L’innovation est devenue une véritable incantation prononcée dans tous les secteurs de la société. Mais pour quoi faire ?
C’est une incantation car tout le monde a le sentiment d’un système à bout de souffle et dont les résultats ne sont pas bons. Les acteurs eux-mêmes ne le vivent pas positivement. L’incantation marque donc une volonté de rénover, de reconstruire le système en s’appuyant sur ses acteurs. La société est plus innovante que ce que pensent les institutions. La difficulté c’est de valoriser ces innovations sans les tuer.
Peut-on depuis l’institution piloter ce renouvellement par le bas ?
C’est nécessaire d’y arriver. Il faut à la fois protéger le terrain et transformer l’institution elle-même.
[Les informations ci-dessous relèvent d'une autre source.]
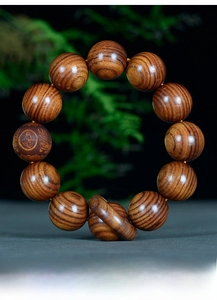 Vue macro de perles en bois Dalbergia haute densité avec finition huilée et gravure fine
Je comprends le paradoxe. Il faut faire le pari que ce conseil saura éviter que l’institution soit mortifère. C’est sans doute pour cela qu’il est composé de personnes qui, comme moi, ne sont pas issues de l’institution.
Vous allez commencer par quels projets ?
On a eu une première réunion de lancement à partir de laquelle on a identifié des objectifs principaux. Par exemple favoriser l’engagement dans le métier d’enseignant ou d’élève et ouvrir l’école par exemple dans la relation aux familles. On a mis en place des groupes de travail qui se réunissent ce mois ci. On va recevoir des experts, faire des visites. La prochaine réunion du conseil aura lieu en décembre et je rendrai un rapport en fin d’année.
Des acteurs , comme l’Andev, se sont plaints d’être tenus à l’écart du conseil. Qu’en pensez-vous ?
Beaucoup se plaignent. Je comprends que les gens veuillent participer. Mais je n’ai pas le pouvoir de les nommer au conseil. Par contre je peux les associer à certains de nos travaux. Moi même je ne sais pas quel degré d’implication je vais avoir dans ce conseil.
Comme sociologue vous travaillez sur quel sujet en ce moment ?
Je viens d’écrire un livre sur les quartiers difficiles et je travaille sur les relations hommes – femmes dans le monde populaire. C’est un sujet qui rejoint celui de l’innovation à l’école. J’étais à Argenteuil la semaine dernière dans une réunion de mères de famille. Et là j’ai vu comment l’école est fondamentale et comment la question des relations hommes – femmes est devenue fondamentale et rejoint la question scolaire. Quand les collégiens parlaient de l’école cette question remontait toujours. Ils parlaient des garçons qui sèment le désordre, quelque chose qui leur semble évident. Si on lie cela aux tensions qui existent dans les quartiers populaires on voit que ça recoupe la question de l’éducation.